Michael Smith (msmith@EMST-DC.PLANSYS.COM)
Fri, 27 Oct 1995 09:42:34 EDT
We too have a very large Tiger Group (32 boys). You said you broke your 30
into 3 groups. That's pretty large...you may want to try 4 groups if it
isn't too late. We, fortunately, have a successful program. What we do is
Each parent takes one month where they are responsible for the activities.
This gets everyone involved and nobody is overworked. To help the parents
out, we have kept a list of past activities performed by the Tigers and
provide this list to the new Tiger parents. We also make sure somebody
attends the Roundtable (ours has a Tiger breakout) to get other ideas,
handouts, etc. These are immediately copied and distributed.

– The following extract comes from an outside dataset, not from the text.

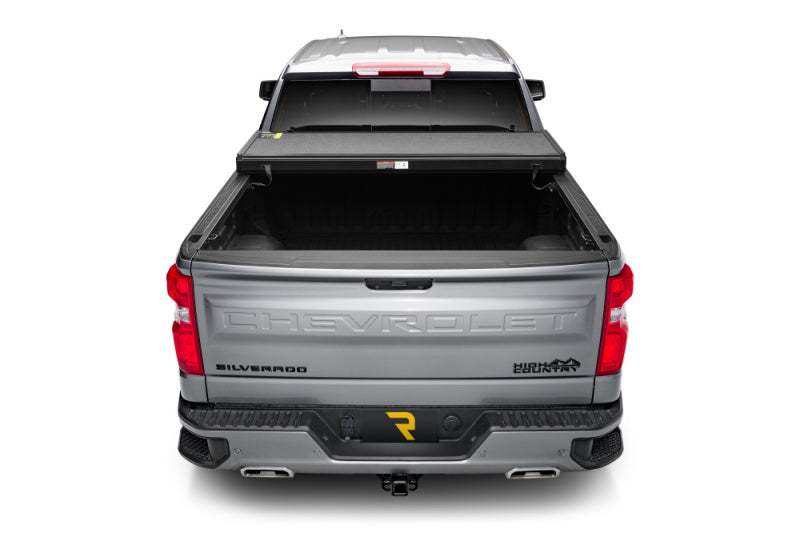Extang 14-18 Chevy/GMC Silverado/Sierra 1500 (6ft. 7in. Bed) Solid Fold ALX - Image 12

Our tigers are invited to Pack meetings and we also make sure we have at
least one Family Activity per month for the pack. This allows the Tigers to
actively participate in the pack because these activities are designed for
the whole family (such as an easy 3 mile hike).
So basically, our tiger "dens" have no real leader, though there is one
parent who is designated the coordinator for the purpose of administrative
needs of the pack. We find that this builds our parent support base in later
years because the parents are already used to "volunteering". And the boys
get a great experience because while the parents don't try to "one-up" each
other, they do put some serious thought into selecting the activities for
With a group this size, you also need to make it absolutely clear that it
will be extremely difficult to find a convenient time for EVERY activity. If
you limit yourself to only those times when EVERY tiger can attend, your
choice of activites will be very limited. So let the boys know they may not
be able to attend every activity (and that's ok) and let the parents know
that you can still do an activity even if all people can't come. This has
really helped us.
Michael L. Smith
Committee Chairman, Pack 160, Herndon, Va.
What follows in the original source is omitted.